In effetti l’impressione che si ha è che ci sia poca informazione a riguardo: cosa sono gli OGM?
Parliamo di realtà o fantascienza? Sono un’opportunità o un pericolo? E poi, già oggi o un domani?
In un precedente articolo postato su queste pagine, avevo cercato di porre l’attenzione sul fatto che gli alimenti geneticamente modificati arrivano già da anni sulle nostre tavole, contro legge e all’insaputa dei consumatori, quando il dibattito scientifico è ancora acceso. A tal proposito avevo citato uno studio del Prof. Séralini: il ricercatore avrebbe “chiaramente” dimostrato segni di tossicità al fegato e ai reni di topi alimentati per 3 mesi con prodotti geneticamente modificati.
A seguire si è sviluppato un acceso dibattito sulla veridicità delle tesi sostenute da Séralini, personaggio controverso i cui risultati sono stati bocciati dall’EFSA.
Séralini?
EFSA?
Chi son costoro?
Gilles Eric Séralini, additato da qualcuno come attivista anti-OGM, è professore di Biologia Molecolare all’Università di Caen in Francia, co-direttore dell’istituto di ricerca CRIIGEN, e già membro delle commissioni sugli OGM del governo francese e della comunità europea.
L’EFSA è invece l’agenzia Europea per la Sicurezza Alimentare, il cui ruolo è quello di fornire il proprio parere scientifico alla commissione che ha il compito di approvare o rigettare le richieste avanzate per l’autorizzazione di un determinato prodotto geneticamente modificato a fini alimentari.
Nell’articolo in questione, il gruppo di ricerca del Prof. Sèralini ha condotto un’analisi statistica sui dati ottenuti dalla stessa Monsanto in due laboratori differenti (i propri e quelli della Covance, interpellata dalla Monsanto stessa) e ha tratto conclusioni differenti da quelle che avevano portato l’EFSA ad approvare la richiesta d’autorizzazione avanzata dalla multinazionale per il mais geneticamente modificato MON810, da lei stessa brevettato.
Dopo la pubblicazione dell’articolo nel 2009, l’EFSA ha ribadito la propria posizione, criticando il tipo di analisi statistica utilizzata da Séralini e affermando che le differenze statistiche rilevate non erano significative dal punto di vista biologico. Quindi che le conclusioni di Séralini non erano giustificabili. Quando ho contattato il Prof. Séralini per chiedergli una replica, si è mostrato gentile e disponibile: per questo lo ringrazio pubblicamente.

Professor Séralini

Prof. Séralini, in Italia lei è un personaggio discusso. Il suo lavoro sugli effetti di tre tipi di OGM sui topi avrebbe principalmente dimostrato segni di tossicità epatorenale, ma l’EFSA ha bocciato i suoi risultati, criticando l’analisi statistica, così come aveva già fatto precedentemente. Vuole commentare qualcosa?

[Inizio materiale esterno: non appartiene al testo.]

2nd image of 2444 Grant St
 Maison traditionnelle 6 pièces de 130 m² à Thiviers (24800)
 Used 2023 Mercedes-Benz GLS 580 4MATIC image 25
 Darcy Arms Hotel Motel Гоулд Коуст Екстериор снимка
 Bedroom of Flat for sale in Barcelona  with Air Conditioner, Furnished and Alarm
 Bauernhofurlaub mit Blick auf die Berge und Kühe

Il nostro lavoro è una contro-analisi dei dati grezzi ottenuti dalla stessa Monsanto e resi pubblici solo dopo che la Corte d’Appello tedesca aveva stabilito che questi dati non potevano rimanere confidenziali, come invece richiesto dalla Monsanto, che aveva attaccato il governo tedesco, e dall’EFSA: e sono solo i dati ottenuti da analisi sul sangue dei topi!
Inoltre, questi sono gli stessi dati su cui l’EFSA aveva dato precedentemente parere favorevole alla commissione europea per l’introduzione in commercio degli OGM in questione. All’epoca ero membro delle commissioni francese ed europea predisposte ad analizzare i dati e mi trovai in disaccordo con le loro conclusioni: chiesi i dati grezzi e pubblicai i motivi per cui ero in disaccordo con l’EFSA. Pochi ricercatori fanno questo e da noi è possibile grazie al CRIIGEN che è una società scientifica multidisciplinare che si interessa di questi argomenti.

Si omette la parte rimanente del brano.